Second, Martinez cannot form the basis for Buenrostro's application because Martinez concerns procedural default based on ineffective assistance of habeas counsel in state habeas proceedings. See id. (stating "[w]here, under state law, claims of ineffective assistance of trial counsel must be raised in an initial-review collateral proceeding, a procedural default will not bar a federal habeas court from hearing a substantial claim of ineffective assistance at trial if, in the initial-review collateral proceeding, there was no counsel or counsel in that proceeding was ineffective."). Here, Buenrostro is a federal prisoner who wishes to collaterally attack the legality of his federal conviction or sentence under 28 U.S.C. § 2255. Martinez is inapplicable to federal convictions and thus inapplicable to Buenrostro's application.

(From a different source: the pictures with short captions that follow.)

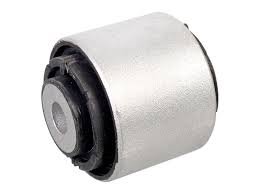 ARM BUSH ربلات مقص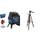 Bosch Professional GCL 2-15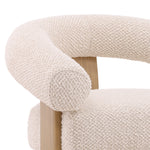 Shop chairs and discover refinishing services in the Boston area. MegMade designs has been featured in HGTV television for their modern traditional cape cod home design style. Visit the MegMade store in the Culver - Chicago area.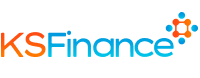 CÔNG TY CỔ PHẦN TẬP ĐOÀN KSFINANCE - KHU VỰC PHAN THIẾT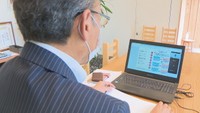 岡山県が「在籍型出向」の説明会を開催 コロナ禍でも双方にメリットで雇用維持を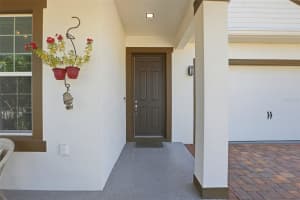 8776 CRESCENDO AVENUE, WINDERMERE, FL 34786 - MLS#MFRO6357209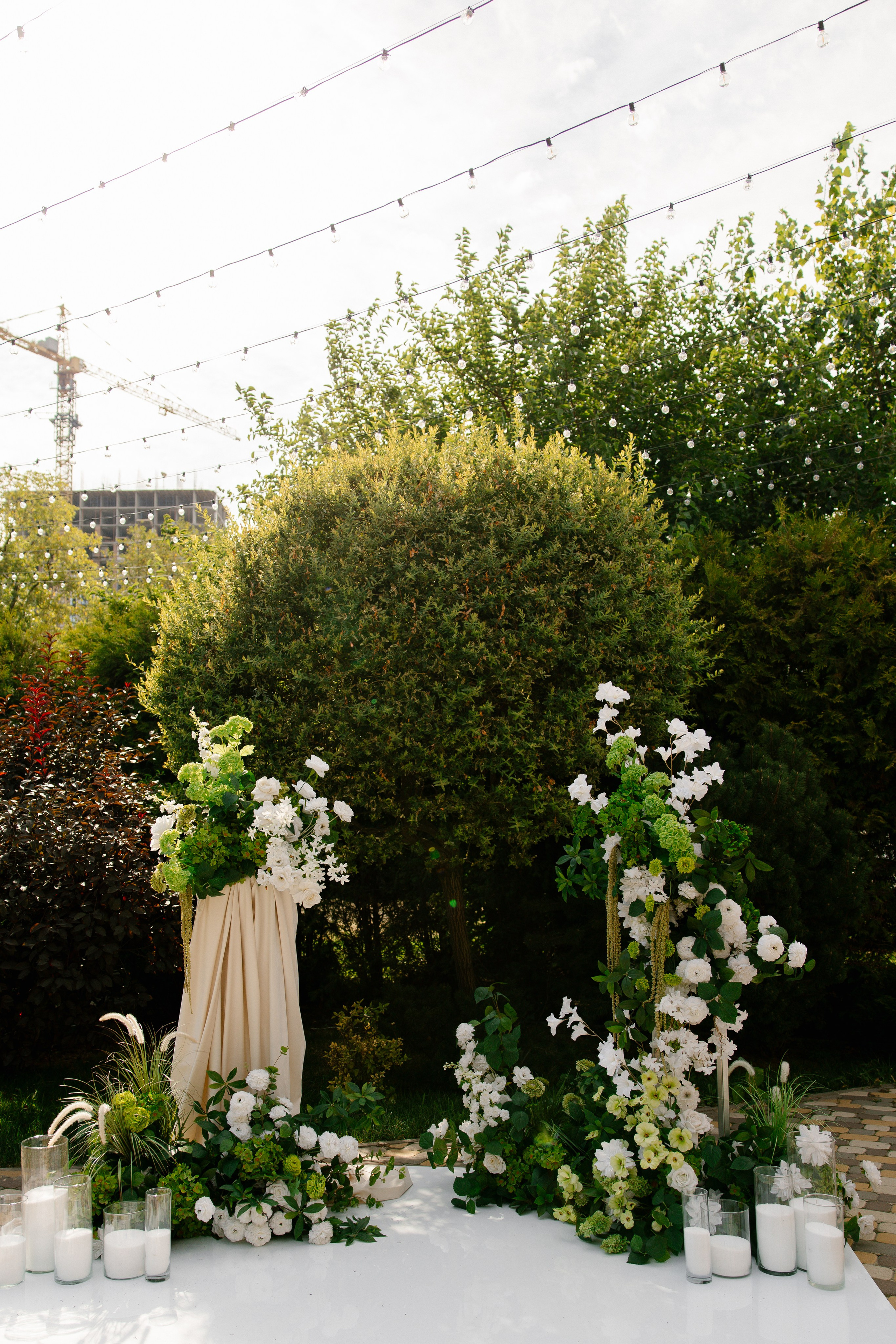 Максим и Оксана. Свадебный и семейный фотограф в Ростове-на-Дону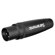 Saramonic C-XLR+: Picture 3 thumbnail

Finally, neither Frye nor Lafler can form the basis for an application for a second or successive motion because neither case decided a new rule of constitutional law. The Supreme Court in both cases merely applied the Sixth Amendment right to effective assistance of counsel according to the test articulated in Strickland v. Washington, 466 U.S. 668, 686, 104 S.Ct. 2052, 2063, 80 L.Ed.2d 674 (1984), and established in the plea-bargaining context in Hill v. Lockhart, 474 U.S. 52, 106 S.Ct. 366, 88 L.Ed.2d 203 (1985). See Frye, 132 S.Ct. at 1404-08 (stating "[t]his application of Strickland to the instances of an uncommunicated, lapsed plea does nothing to alter the standard laid out in Hill); Lafler, 132 S.Ct. at 1384 (stating that the "question for this Court is how to apply Strickland's prejudice test where ineffective assistance results in a rejection of the plea offer and the defendant is convicted at the ensuing trial.") Because the Court in Frye and Lafler repeatedly noted its application of an established rule to the underlying facts, these cases did not break new ground or impose a new obligation on the State or Federal Government. Therefore, we join the Eleventh Circuit in concluding that neither case decided a new rule of constitutional law. See In re Perez, 682 F.3d 930, 933-34 (11th Cir. 2012).
Buenrostro has not made the showing necessary for this court to grant his application because Martinez, Frye, and Lafler did not decide a new rule of constitutional law as required under 28 U.S.C. § 2255, and because Martinez is not applicable to Buenrostro's application for authorization to file a second or successive motion. Accordingly, his application is denied.
The pending motions for release pending review and counsel are denied as moot.